This reality does not matter. The Burmese from political centers, alongside Rakhine nationalists, claim Muslims’ territories by means of wiping them out: Thein Sein’s plan, which is supported by the public. All these examples of state territorialization signify that internal colonization from the political centers is still the principle of politics in Burma.

The Arakan conflict and Burma’s ethnic future

The nationalist response to the Arakan conflict raises an important question of what this conflict means to the country’s broader ethnic relations. The Arakan conflict is testimony that the political mainstream continues to be nationalistic. Just like the state, mainstream oppositions stand up not for the principles of freedom, democracy and human rights, but for their own interests against power. They united against the Rohingya with complete disrespect for human life, dignity and human rights.

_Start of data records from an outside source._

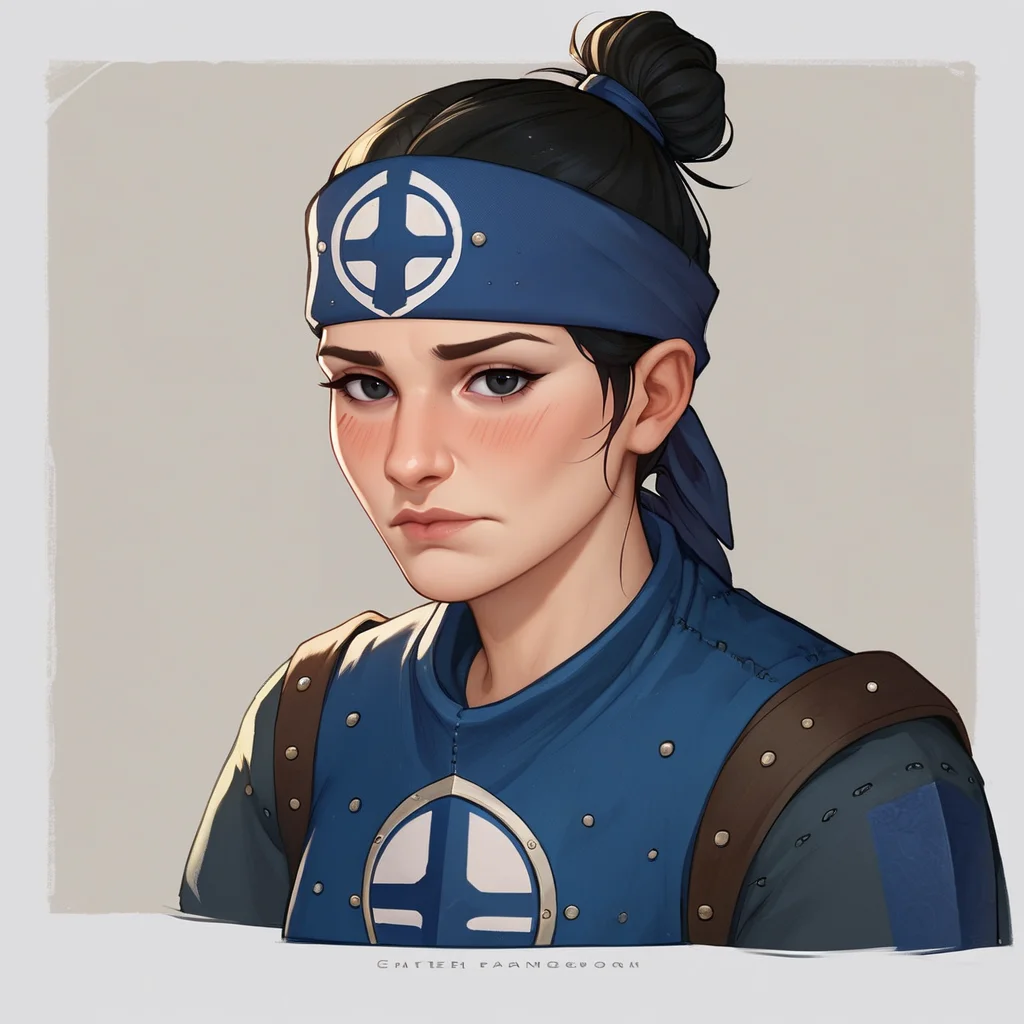 score_9, score_8_up, score_7_up, score_6_up, warm lighting, bust,
CathayGunner, blue armor, single bun, topknot, bandana, black hair, black eyes, mature woman, voluptuous,
looking at viewer, blush, horny, aroused,
white blank background,
<lora:Cathay_Gunner:0.8>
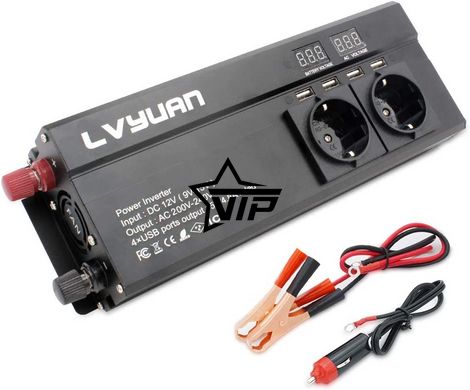 Инвертор 12V-220 "LVYUAN 2000W", преобразователь напряжения 12V-220V (4USB, 3 евро-розетки, 2000Вт)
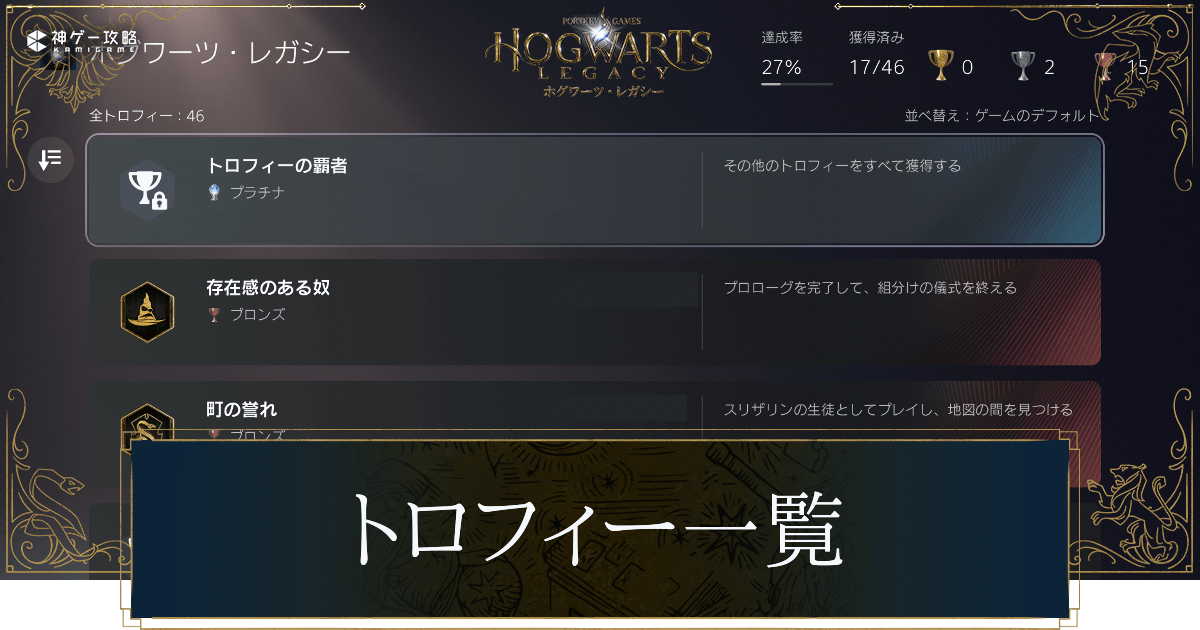 トロフィーとトロコン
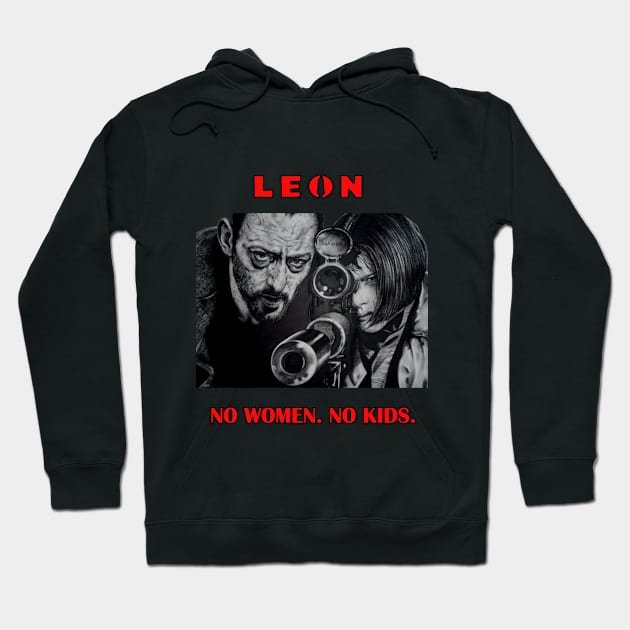 Leon Movie No Women No Kids Retro Hoodie by Artsimple247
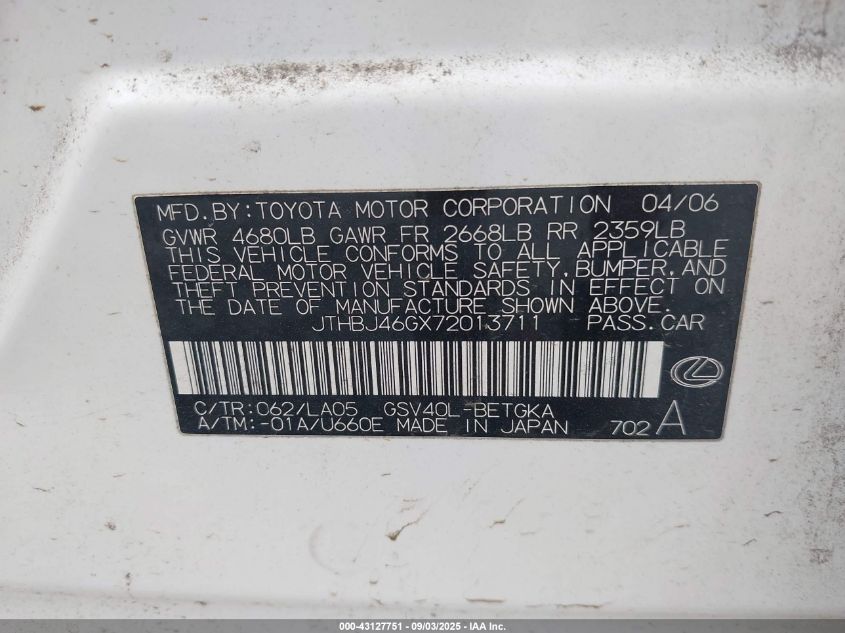 2007 Lexus Es 350 VIN: JTHBJ46GX72013711 Lot: 43127751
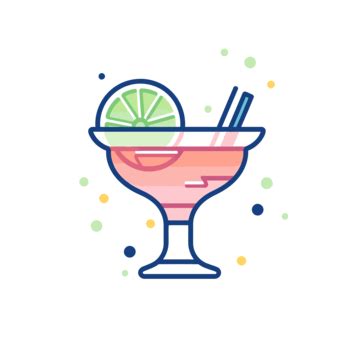 Margarita Cocktail At Dinner Icon Vector A Lineal Icon Depicting Cute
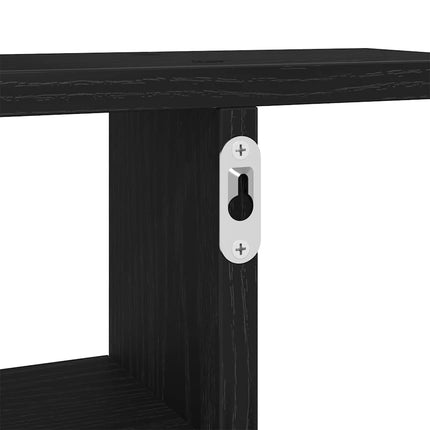 Vägghyllor 2 st svart ek 38x12x38 cm konstruerat trä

Who would guarantee that they would not react to potential crises involving other minority groups just like the way they responded to the Rohingya?

This is a legitimate question especially because the mainstream political opposition has never taken the plight of ethnic peoples seriously. For the mainstream opposition, both at home and in exile, the problems are about the lack of democracy, human rights, and lately the ‘rule of law’.

According to them, ethnic affairs that consist of broken promises to ethnic groups, loss of territorial rights, human rights violations in ethnic states, cultural oppression, and a federal state based on equal political representation are not the primary concerns. Their fight for democracy has rather sidelined anything ‘ethnic’.

That is why the mainstream opposition has not taken any proactive stance against a decades-long history of deadly violence in ethnic states despite the military’s openly stated commitment to ‘wiping out’ all insurgent groups. As witnessed, the military’s attempt to ‘wipe out’ insurgent groups does not discriminate between insurgents and civilians, resulting in mass execution, torture, sexual violence and expulsion of people.

Even in a reformed Burma where people can speak freely, the mainstream opposition including Aung San Suu Kyi has not spoken out clearly against the Burmese military’s offensives and human rights violations in Kachin State. This is an indication that the mainstream political opposition is not on the same page as ethnic groups.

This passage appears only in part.